When his new best friend swung the passenger door open, Gavin settled into the seat and shut the door, waiting while Iain strode around to the driver's door and got in. The Rover looked ramshackle from the outside, but the interior was clean and well-maintained. The seats featured pale-tan fabric that seemed almost as good as new.

"Fasten your seatbelt," Iain instructed.

Gavin asked a question while he did up the seatbelt. "Why don't you fix up the outside of this thing?"

"Not worth the bother."

He supposed that was all his host would tell him, and it wasn't really his business, anyway.

Calli had gotten him a roommate. He was staying with a MacTaggart. Sure, Iain swore he had no stake in the Jamie thing, but it still felt weird to bunk with a member of the family headed by two men who hated him and a third who tolerated him but wasn't his bud.

The Rover jounced along the dirt road, its bones rattling. The headlights speared the ever-increasing darkness ahead.

"How ancient is this car?" Gavin asked.

"Not as old as I am," Iain said. He patted the center console. "She'll get us there."

"Can I ask you a personal question?"

"Anything you like. Ask away."

They hit a pothole, and Gavin's teeth clacked together. "What do you do for a living?"

Iain shrugged one shoulder. "I have a PhD in archaeology, and I used to teach at university, but that ended a long time ago. These days, I volunteer at digs on occasion, sometimes with my cousin Catriona. She couldn't make much use of her archaeology degree either, so we commiserate about our lack of higher-level employment."

"You're unemployed?"

"No." Iain said. "I work with Aidan."

"Thought you were a neutral third party."

"I am, yes." Iain leaned back into his seat, holding the wheel negligently with one hand. "I don't care either way if you cozy up to the Three Macs, or if they toss your corpse out in the middle of the nearest muir."

"What's a muir?"

"A moor, laddie. High, flat grassland."

Gavin shot his new roomie a sardonic half frown. "My name's not 'laddie', it's Gavin."

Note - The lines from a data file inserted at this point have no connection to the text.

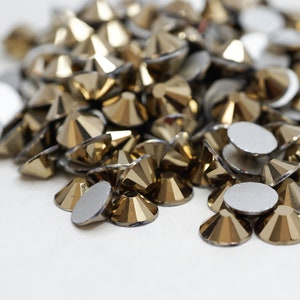 May include: A pile of gold-colored rhinestones, some with silver backs, scattered on a white surface.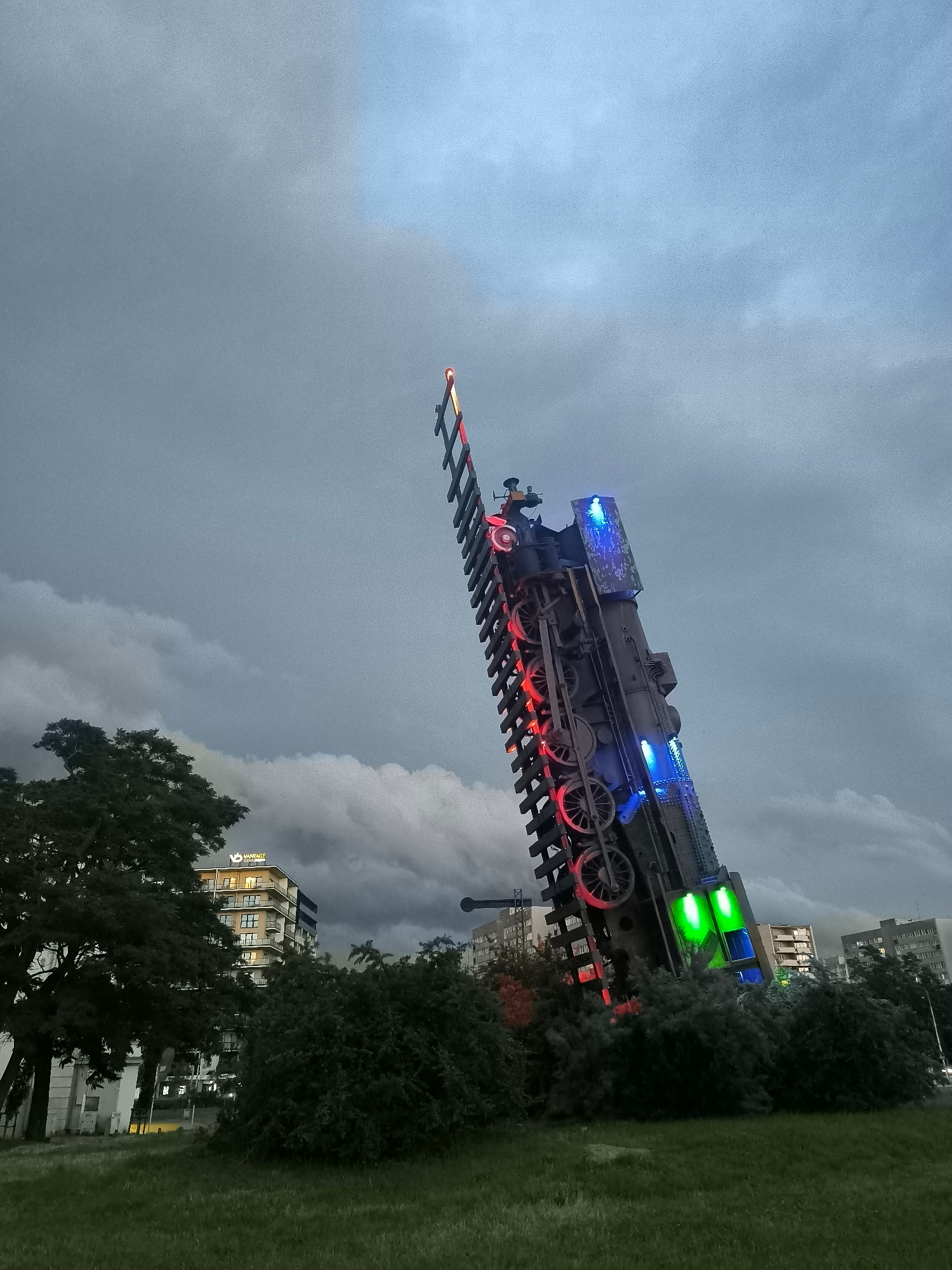An art installation resembling a train, tilted vertically with its front end pointing skyward, is prominently featured in the foreground of the image. This installation is illuminated with red, blue, and green lights. The scene is set against a cloudy, overcast sky. In the background, there are trees and buildings, including a multi-story building with the "Vantage" logo visible. The location is the Wrocław University of Economics and Business campus in Wrocław, Poland. The ground in the foreground is covered with grass. No people are visible in the image.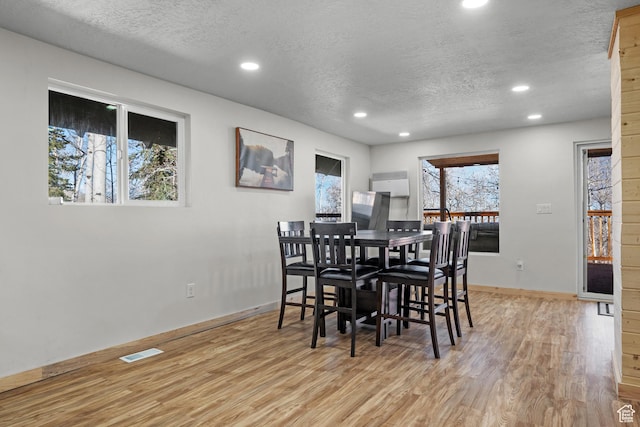 dining area with recessed lighting, a textured ceiling, light wood-style floors, and baseboards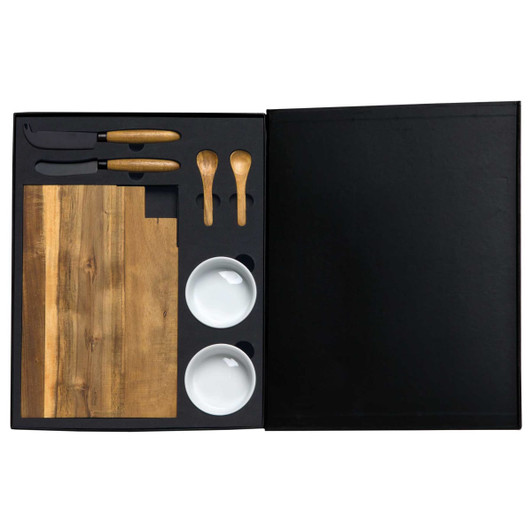 A gourmet cheese board set featuring a wooden board, knives, spoons, and two white bowls, all packaged in a black box.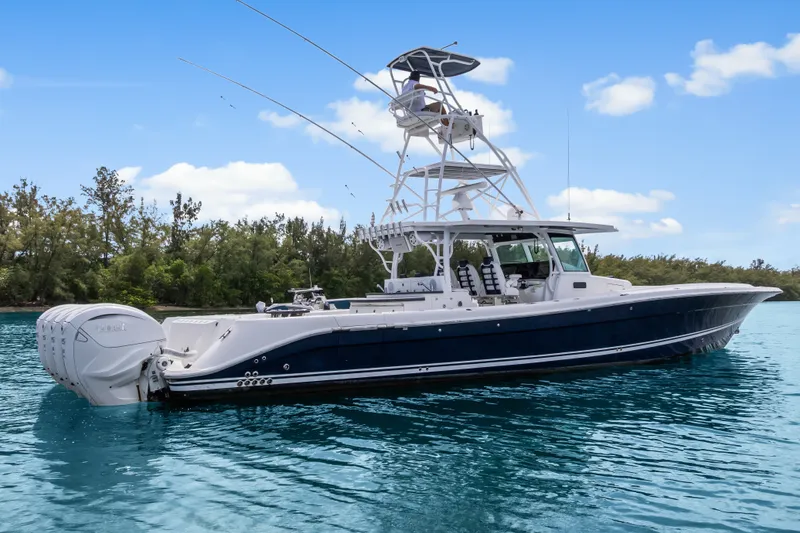 Slide: The Image of 2020 HCB 53 Suenos boat on calm water, clear sky background. - 5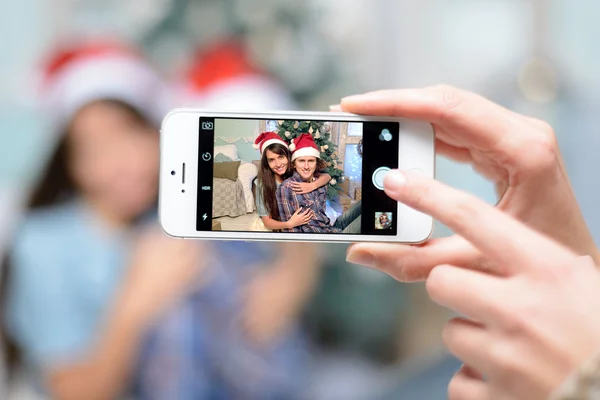 Ludzie, mężczyzna i kobieta, robienie zdjęć, ich zdjęcia na telefon w tle, w pobliżu, choinkowe, christmas party, szczęśliwy nowy rok 2016 — Zdjęcie stockowe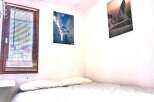 Cozy bedroom with a comfortable bed and two pillows.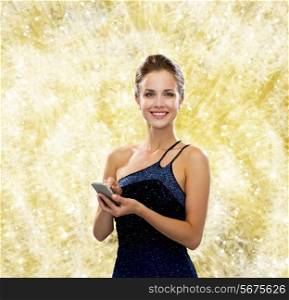 technology, christmas, holidays and people concept - smiling woman in evening dress holding smartphone over yellow holidays lights background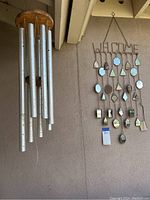 Aluminum tube wind chime with wooden top hanging against wall.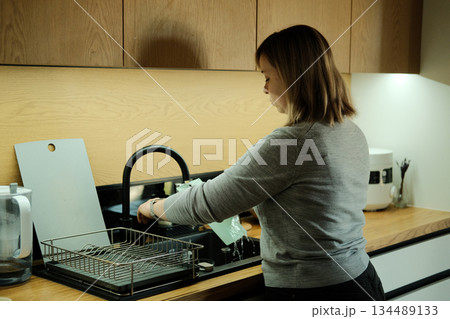 Woman rinses reusable cutting board under kitchen tap. Conscious housekeeping, water conservation, sustainable living. Woman rinses reusable cutting board under kitchen tap. Conscious housekeeping, water conservation, sustainable living. 134489133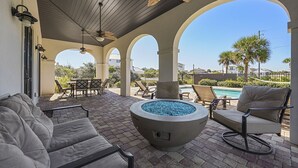 Eine Terrasse im Freien mit Feuerstelle, Sitzgelegenheiten und Blick auf Pool und Palmen.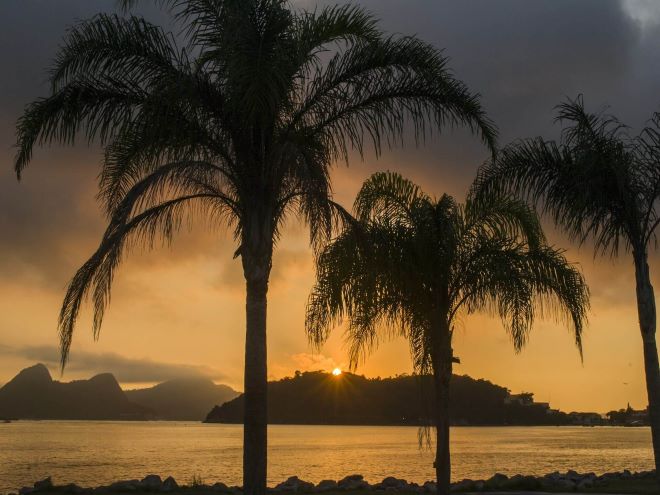 Praia do Aterro do Flamengo com seus coqueiros e pôr do sol ao fundo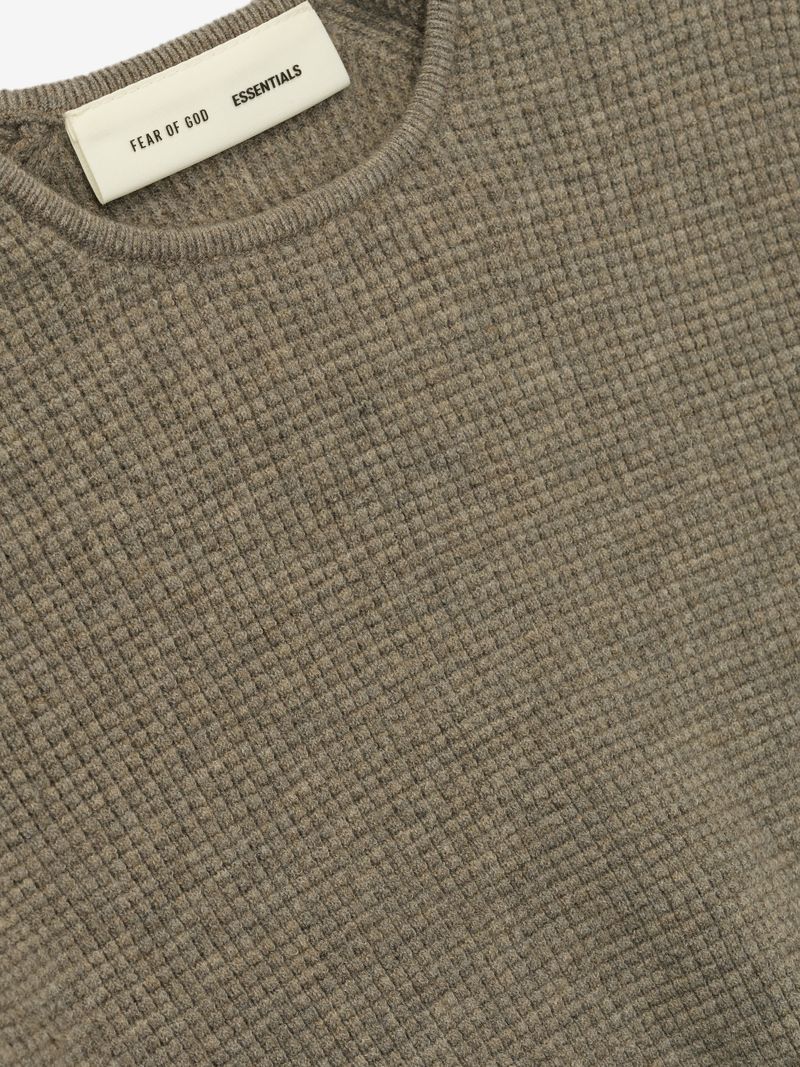 Close-up of taupe womens waffle knit long sleeve top with Fear of God Essentials label sHhOZcWQ.jpg gallery 0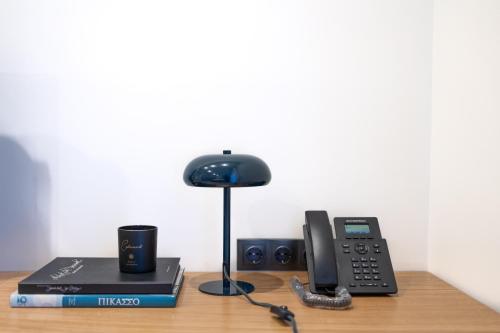 a desk with a phone and a lamp and a book at Kaleo Chios Luxury Apartments in Chios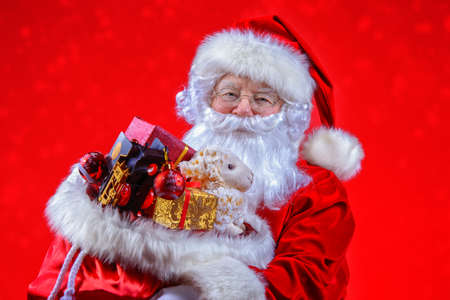 Christmas and New Year concept. Portrait of good old Santa Claus holding a sack with gifts and toys. Red background.の写真素材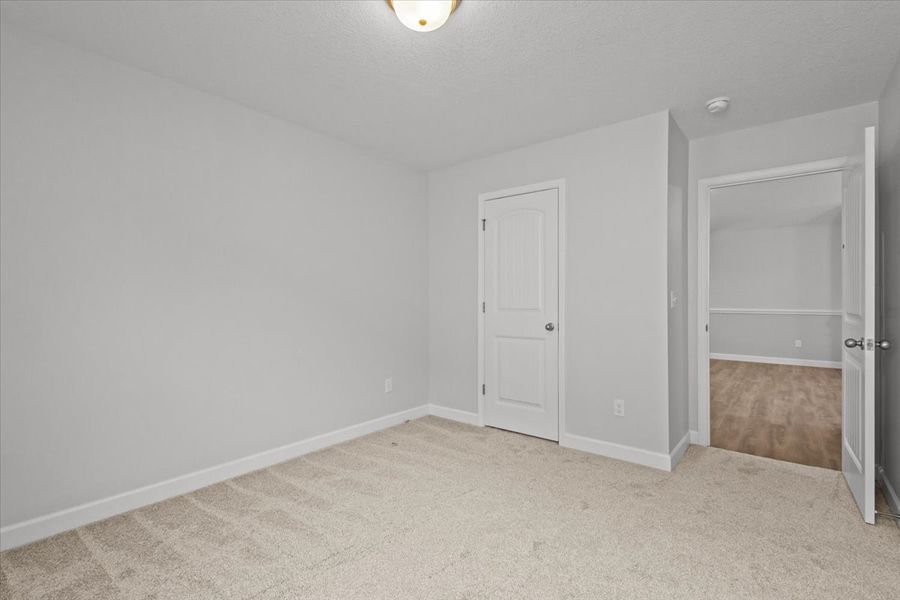 Representative unfurnished interior of a home built from the Ellison by Enchanted Homes in Hampshire Heights, Moore (Image 36).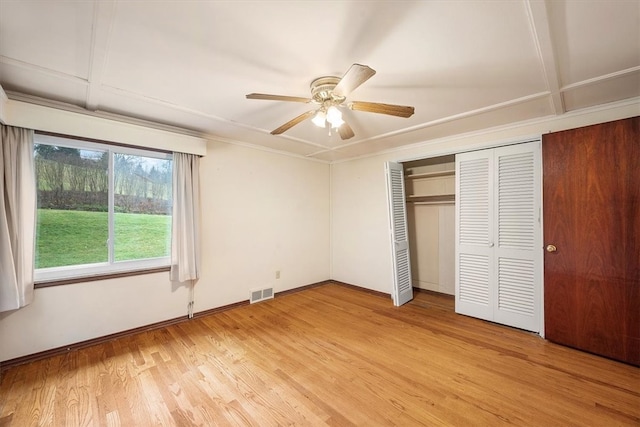 unfurnished bedroom with ceiling fan, a closet, and light wood-type flooring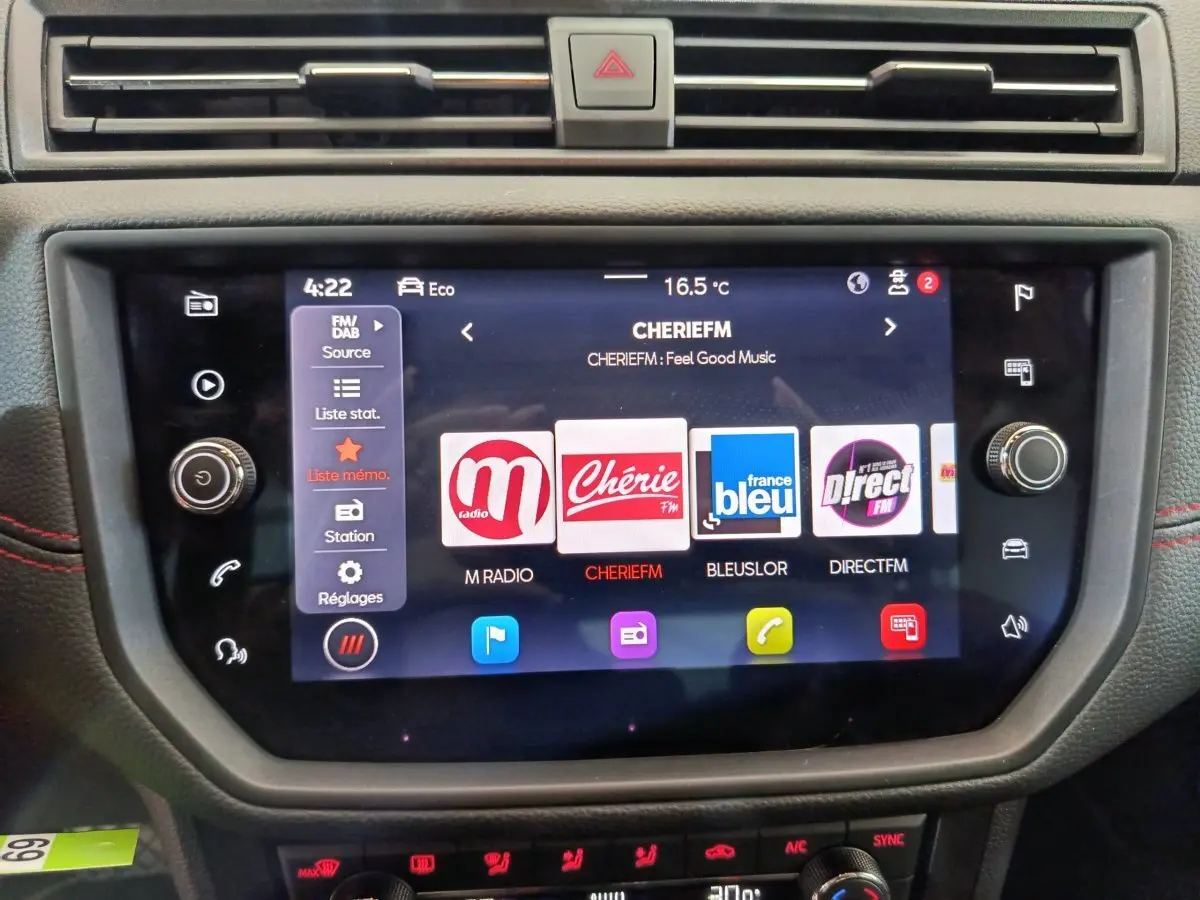 Écran tactile central du tableau de bord du SEAT Arona 2021 avec interface radio et commandes climatisation visibles.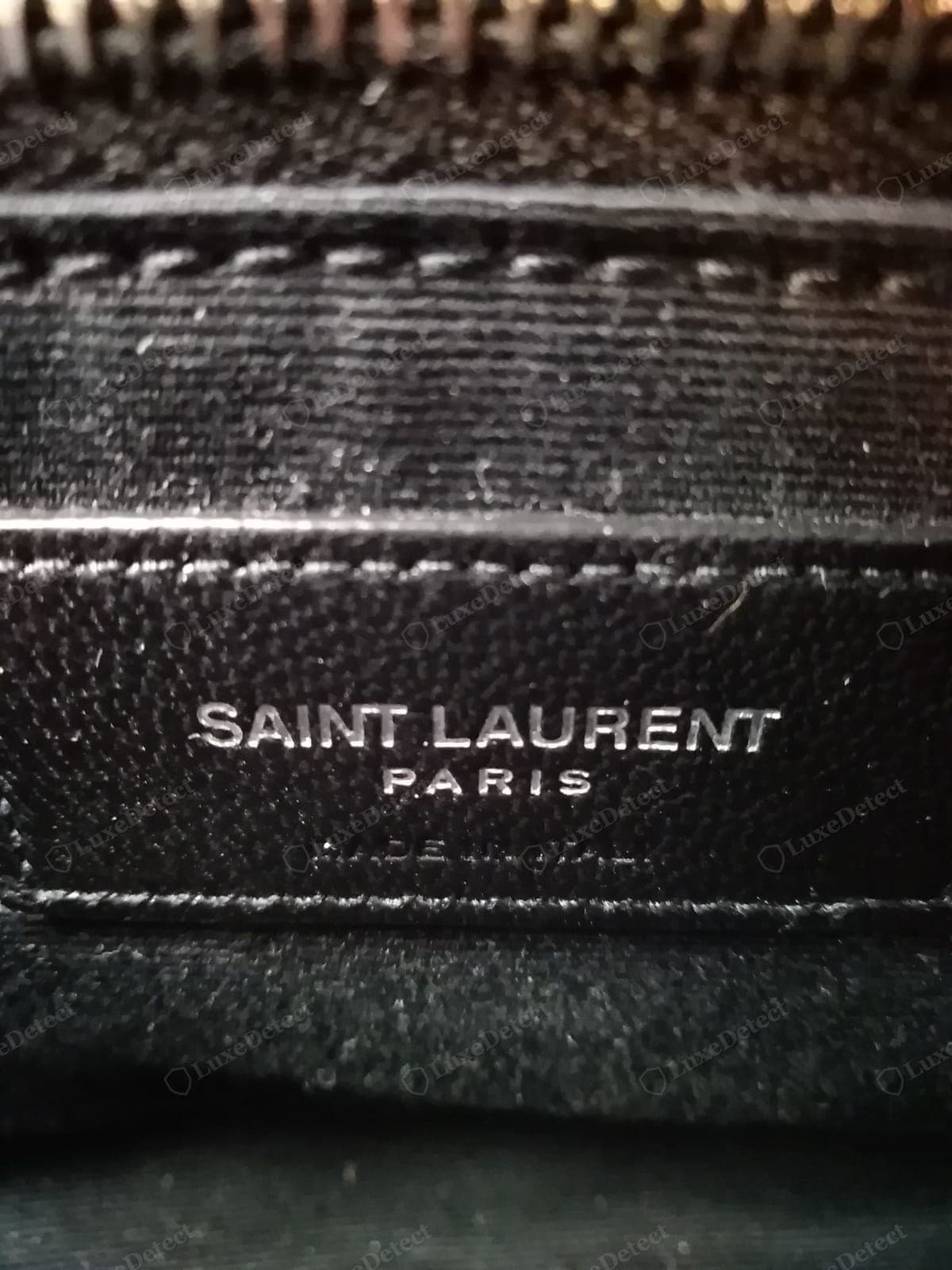 Etiqueta interior de un Saint Laurent Loulou falso: una etiqueta torcida o tosca, una tipografía equivocada y un grabado desigual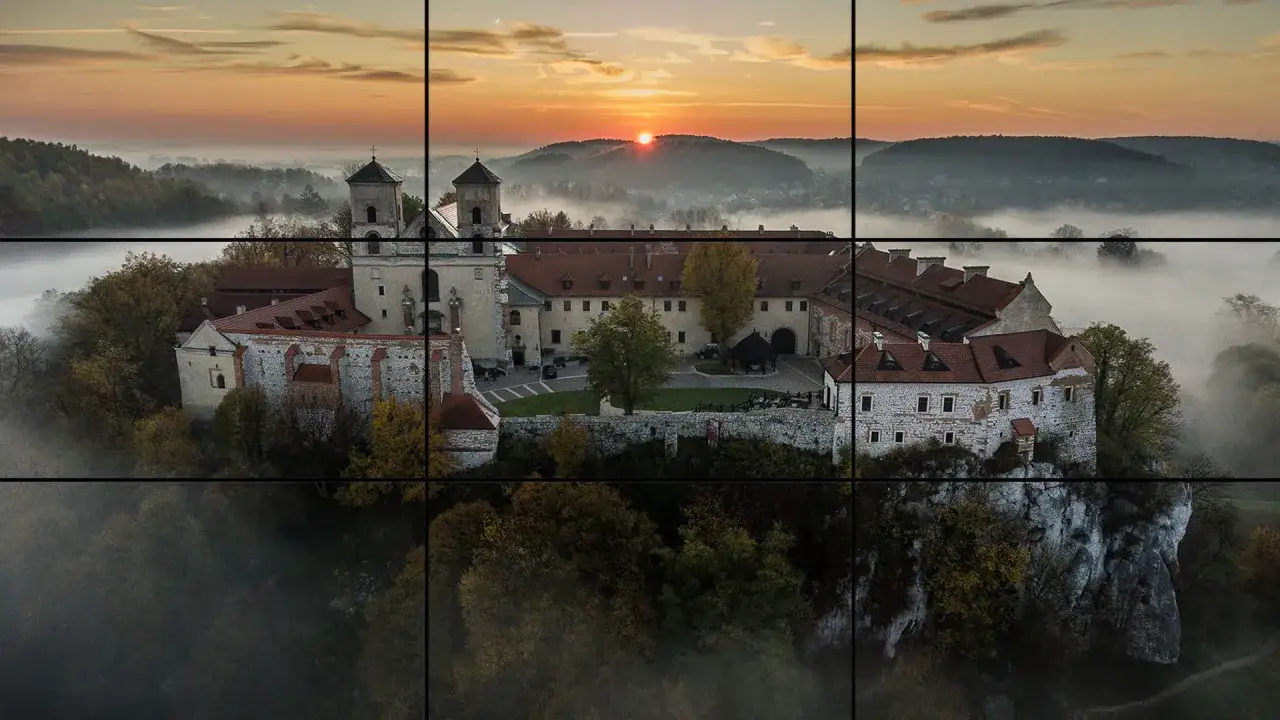Wschód słońca nad mglistą doliną, malowniczy klasztor na skale. Niezwykła fotografia krajobrazowa.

"My mistake. Gavin." Iain spun the wheel with one hand, veering around a squirrel that had dashed out into the road. The little critter scurried away unscathed. "What is your profession?"

Gavin snorted. "At the moment, unemployed loser. Before that, I was in sales."

"Selling what?"

"Restoration services." Gavin gripped the seat as Iain hit the gas and the Rover rocketed over the bumpy road. "People whose homes got wrecked in a natural disaster or flooded by a burst pipe, whatever. I sold them the company's services."

"Fascinating."

"You almost sound like you mean that. Trust me, it was boring as hell." Gavin held on as Iain swerved the car around a corner onto a paved road. "But it paid well. Until they laid me off. Budget cutbacks."

"Now you've lost your career and your woman." Iain clucked his tongue. "Dead awful situation. I know how that feels."

"Losing the job or the woman?"

"Both." The Scot grasped the steering wheel in both hands, easing up on the accelerator. "At the same time."

Iain had told Gavin about losing his archaeologist job. He'd lost a woman too? Gavin had never been nosy, but he couldn't help asking. "What happened with the girl?"